1961, Corso segna il gol numero 500 dell'Italia

E' il numero che fa la differenza. E forse non è un caso che a segnarlo sia stato lui. In mezzo a tanto oriundi. Il 6 a zero a Israele è un risultato che fa parte della storia azzurra. Ci qualifichiamo al mondiale e Corso marca il gol numero 500 della nostra Nazionale

venerdì 04 novembre 2011

    ROMA - Non è un sabato qualunque, il 4 novembre 1961. Non per lui, Mario Corso, poeta del pallone.
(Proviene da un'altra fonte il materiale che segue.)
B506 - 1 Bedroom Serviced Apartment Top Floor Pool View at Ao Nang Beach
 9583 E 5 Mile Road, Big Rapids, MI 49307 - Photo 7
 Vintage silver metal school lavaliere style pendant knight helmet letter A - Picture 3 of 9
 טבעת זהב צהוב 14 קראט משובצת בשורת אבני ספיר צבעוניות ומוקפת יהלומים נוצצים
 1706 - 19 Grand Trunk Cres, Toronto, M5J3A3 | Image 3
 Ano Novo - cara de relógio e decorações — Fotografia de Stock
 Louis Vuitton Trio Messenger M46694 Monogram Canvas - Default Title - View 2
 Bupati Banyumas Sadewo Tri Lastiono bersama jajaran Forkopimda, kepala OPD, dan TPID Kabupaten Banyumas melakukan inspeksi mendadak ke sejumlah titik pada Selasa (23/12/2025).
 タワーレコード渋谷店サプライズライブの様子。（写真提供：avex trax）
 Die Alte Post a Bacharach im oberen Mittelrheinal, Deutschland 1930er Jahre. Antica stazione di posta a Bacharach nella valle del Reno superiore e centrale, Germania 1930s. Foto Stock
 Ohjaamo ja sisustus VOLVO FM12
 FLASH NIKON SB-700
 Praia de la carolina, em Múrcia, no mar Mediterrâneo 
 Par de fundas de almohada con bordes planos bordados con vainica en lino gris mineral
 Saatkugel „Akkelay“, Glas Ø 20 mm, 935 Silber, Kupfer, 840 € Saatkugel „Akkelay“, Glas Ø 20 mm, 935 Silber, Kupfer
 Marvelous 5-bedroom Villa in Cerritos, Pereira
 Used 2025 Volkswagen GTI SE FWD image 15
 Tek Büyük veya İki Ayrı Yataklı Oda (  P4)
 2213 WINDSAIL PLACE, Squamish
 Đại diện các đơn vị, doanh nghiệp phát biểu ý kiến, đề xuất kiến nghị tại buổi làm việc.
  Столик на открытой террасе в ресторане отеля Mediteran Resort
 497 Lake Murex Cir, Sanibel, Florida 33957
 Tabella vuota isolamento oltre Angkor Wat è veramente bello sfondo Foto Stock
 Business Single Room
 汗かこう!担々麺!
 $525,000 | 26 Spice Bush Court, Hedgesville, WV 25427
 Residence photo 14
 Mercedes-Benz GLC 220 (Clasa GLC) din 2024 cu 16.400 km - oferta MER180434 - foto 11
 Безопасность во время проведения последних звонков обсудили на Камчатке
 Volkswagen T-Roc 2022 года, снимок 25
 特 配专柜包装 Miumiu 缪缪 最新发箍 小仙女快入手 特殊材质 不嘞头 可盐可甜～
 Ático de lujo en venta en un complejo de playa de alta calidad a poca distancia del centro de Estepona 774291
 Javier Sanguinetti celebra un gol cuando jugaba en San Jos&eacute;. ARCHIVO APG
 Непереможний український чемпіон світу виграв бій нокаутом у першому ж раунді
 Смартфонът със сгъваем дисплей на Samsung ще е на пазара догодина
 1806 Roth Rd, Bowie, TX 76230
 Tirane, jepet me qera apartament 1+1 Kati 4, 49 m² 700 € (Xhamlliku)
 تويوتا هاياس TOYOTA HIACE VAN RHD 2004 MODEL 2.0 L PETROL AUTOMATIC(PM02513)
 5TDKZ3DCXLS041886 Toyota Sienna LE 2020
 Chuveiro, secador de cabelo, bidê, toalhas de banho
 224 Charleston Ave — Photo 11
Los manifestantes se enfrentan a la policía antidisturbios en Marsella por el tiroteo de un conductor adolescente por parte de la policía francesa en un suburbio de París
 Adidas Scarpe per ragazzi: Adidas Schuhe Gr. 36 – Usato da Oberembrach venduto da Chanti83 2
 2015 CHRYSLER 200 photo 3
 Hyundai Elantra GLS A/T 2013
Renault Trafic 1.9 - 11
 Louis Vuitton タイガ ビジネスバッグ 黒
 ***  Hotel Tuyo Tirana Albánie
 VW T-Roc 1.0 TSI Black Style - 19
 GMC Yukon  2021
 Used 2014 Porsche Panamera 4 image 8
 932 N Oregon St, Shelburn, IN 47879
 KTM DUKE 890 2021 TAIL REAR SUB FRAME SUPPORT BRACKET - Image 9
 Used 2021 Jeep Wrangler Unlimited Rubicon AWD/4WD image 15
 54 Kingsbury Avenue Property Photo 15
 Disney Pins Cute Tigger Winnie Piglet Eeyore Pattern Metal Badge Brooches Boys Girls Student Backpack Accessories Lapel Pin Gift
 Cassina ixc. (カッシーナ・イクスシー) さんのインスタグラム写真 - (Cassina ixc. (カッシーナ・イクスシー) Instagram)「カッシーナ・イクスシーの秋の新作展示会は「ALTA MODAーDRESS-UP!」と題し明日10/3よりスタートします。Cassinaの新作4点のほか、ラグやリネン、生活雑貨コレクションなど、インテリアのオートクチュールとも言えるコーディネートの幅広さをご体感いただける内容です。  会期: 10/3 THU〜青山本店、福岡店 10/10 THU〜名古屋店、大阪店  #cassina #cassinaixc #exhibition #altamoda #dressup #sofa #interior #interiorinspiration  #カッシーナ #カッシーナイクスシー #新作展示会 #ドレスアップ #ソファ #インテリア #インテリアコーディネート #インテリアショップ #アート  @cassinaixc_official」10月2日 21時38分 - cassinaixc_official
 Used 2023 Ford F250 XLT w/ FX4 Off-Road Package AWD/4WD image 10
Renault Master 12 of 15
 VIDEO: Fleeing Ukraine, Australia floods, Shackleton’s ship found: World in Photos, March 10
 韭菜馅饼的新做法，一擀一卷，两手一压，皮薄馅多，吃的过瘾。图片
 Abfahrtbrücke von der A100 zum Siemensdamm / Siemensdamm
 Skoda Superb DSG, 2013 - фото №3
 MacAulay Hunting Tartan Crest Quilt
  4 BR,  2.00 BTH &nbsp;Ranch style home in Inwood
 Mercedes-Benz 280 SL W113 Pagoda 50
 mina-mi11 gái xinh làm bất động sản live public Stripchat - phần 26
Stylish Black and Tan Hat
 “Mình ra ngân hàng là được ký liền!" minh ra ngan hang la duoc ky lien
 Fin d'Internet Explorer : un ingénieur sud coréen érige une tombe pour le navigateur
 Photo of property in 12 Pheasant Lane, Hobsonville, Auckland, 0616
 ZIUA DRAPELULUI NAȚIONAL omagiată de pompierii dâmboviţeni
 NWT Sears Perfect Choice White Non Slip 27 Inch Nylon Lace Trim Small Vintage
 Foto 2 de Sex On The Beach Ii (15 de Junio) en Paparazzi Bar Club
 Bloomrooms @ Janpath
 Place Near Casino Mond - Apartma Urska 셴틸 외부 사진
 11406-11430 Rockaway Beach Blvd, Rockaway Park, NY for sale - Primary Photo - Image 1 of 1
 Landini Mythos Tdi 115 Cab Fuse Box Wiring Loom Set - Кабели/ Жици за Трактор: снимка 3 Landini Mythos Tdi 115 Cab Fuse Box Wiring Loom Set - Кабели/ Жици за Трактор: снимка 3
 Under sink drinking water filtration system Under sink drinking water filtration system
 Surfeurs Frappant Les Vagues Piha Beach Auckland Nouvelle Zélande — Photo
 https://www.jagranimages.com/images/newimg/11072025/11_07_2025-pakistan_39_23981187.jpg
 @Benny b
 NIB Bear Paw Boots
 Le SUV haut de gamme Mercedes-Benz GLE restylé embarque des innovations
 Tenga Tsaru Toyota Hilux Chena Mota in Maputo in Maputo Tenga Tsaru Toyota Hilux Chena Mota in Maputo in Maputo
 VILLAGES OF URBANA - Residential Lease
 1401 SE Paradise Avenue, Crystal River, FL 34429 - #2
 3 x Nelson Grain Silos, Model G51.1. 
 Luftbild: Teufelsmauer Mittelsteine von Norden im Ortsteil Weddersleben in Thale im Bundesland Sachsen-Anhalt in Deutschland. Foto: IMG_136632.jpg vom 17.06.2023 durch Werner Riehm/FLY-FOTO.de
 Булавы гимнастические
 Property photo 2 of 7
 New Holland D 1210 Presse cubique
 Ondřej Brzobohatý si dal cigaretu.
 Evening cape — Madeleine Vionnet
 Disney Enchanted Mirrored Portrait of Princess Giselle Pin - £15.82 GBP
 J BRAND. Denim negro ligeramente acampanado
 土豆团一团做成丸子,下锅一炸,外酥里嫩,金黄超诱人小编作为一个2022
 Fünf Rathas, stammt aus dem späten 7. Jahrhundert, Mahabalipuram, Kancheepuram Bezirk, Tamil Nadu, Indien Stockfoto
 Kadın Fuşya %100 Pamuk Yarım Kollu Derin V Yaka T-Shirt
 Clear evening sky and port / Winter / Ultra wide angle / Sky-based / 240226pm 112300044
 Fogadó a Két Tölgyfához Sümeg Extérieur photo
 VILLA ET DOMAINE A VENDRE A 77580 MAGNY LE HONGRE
Si gioca Italia-Israele a Torino, di primo pomeriggio, è la seconda gara eliminatoria per le qualificazioni mondiali. L'Italia allenata da Giovanni Ferrari è inserita nel Gruppo 7. Ma le cose che contano di quella sfida sono altre. Non tanto il 6-0 finale, rotondo, chiaro. La formazione azzurra è: L.Buffon, Losi, Robotti, Bolchi, C.Maldini, Trapattoni, Mora, Angelillo, Altafini, Sivori, Corso. Segnano Sivori, quattro gol, Angelillo e Corso.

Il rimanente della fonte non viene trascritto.